Das Trainerteam, der Teammanager und der Verband sowie die einzelnen Spieler gaben nach dem Ausscheiden bei der WM keine gute Figur ab. Es wurden kaum kritische Interviews gegeben und man hat das historische frühe Ausscheiden kaum versucht aufzuarbeiten.

Die Verantwortlichen beim DFB blieben nahezu alle im Amt. Außer ein paar wenigen Spielerrücktritten hat sich zunächst an der Teamstruktur nicht viel verändert. Dies rächte sich Wochen später beim Abstieg aus der Nations League mit weiteren schlechten Ergebnissen.

Vor einigen Tagen kam dann die Nachricht das Jogi Löw nicht mehr mit den Bayern Stars Müller, Boateng und Hummels plant. Vielmehr wolle Löw den längst überfälligen Umbruch einleiten. Allerdings sind der Zeitpunkt und die Art und Weise wie das Ganze abgelaufen ist auch sehr fraglich.

Am kommenden Wochenende stehen für die Nationalmannschaft zwei Spiele an, die zeigen werden, ob Löw den Umbruch noch managen kann, oder ob man auch auf der Trainerposition handeln müsste.

Die schlechten Leistungen der Nationalmannschaft haben sich denn auch auf die Bundesliga und die internationalen Wettbewerbe dort übertragen. Das frühe Ausscheiden aller deutschen Champions League Teilnehmer, einschließlich des deutschen Branchenprimus FC Bayer München, spricht Bände.

Im Achtelfinale der Champions League sind alle drei deutschen Mannschaften an der starken Premier League gescheitert. Es ist die Art und Weise wie die Mannschaften den englischen Vereinen unterlegen waren, was einen nachdenklich werden lässt.

Wenig Tempo und wenige Ideen im Vergleich mit den Engländern zeigen die derzeitigen Schwächen im deutschen Fußball schonungslos auf.

Eine Ausnahme hierbei bildet die Eintracht aus Frankfurt, die eine furiose Europa League Saison spielt, mit beeindruckenden Ergebnissen.

Am fehlenden Nachwuchs in Deutschland liegt es nicht, dass die Deutschen Vereine derzeit nicht konkurrenzfähig sind. Talente gibt es in Deutschland zuhauf.

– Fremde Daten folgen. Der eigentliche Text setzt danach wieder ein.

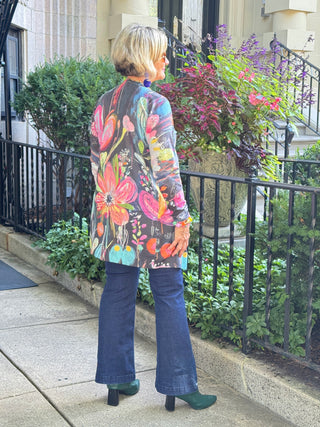 Ethyl The Wanderlight Cardigan - Twentyone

Allerdings scheint es ein Problem zu geben die Jungen Spieler in die Bundesliga Mannschaften zu integrieren.

Der permanente Erfolgsdruck, der auf den Vereinen lastet, um die europäischen Wettbewerbe zu erreichen, um dort dringend benötigte Einnahmen zu generieren, verhindert das Einbauen der jugendlichen Talente in den laufenden Spielbetrieb.

Dies jedoch, scheint mir im Vergleich zu 2004, als im deutschen Fußball auch ein Umbruch eingeleitet werden musste, als es nahezu keine nennenswerten deutschen Talente gab, ein Luxusproblem zu sein.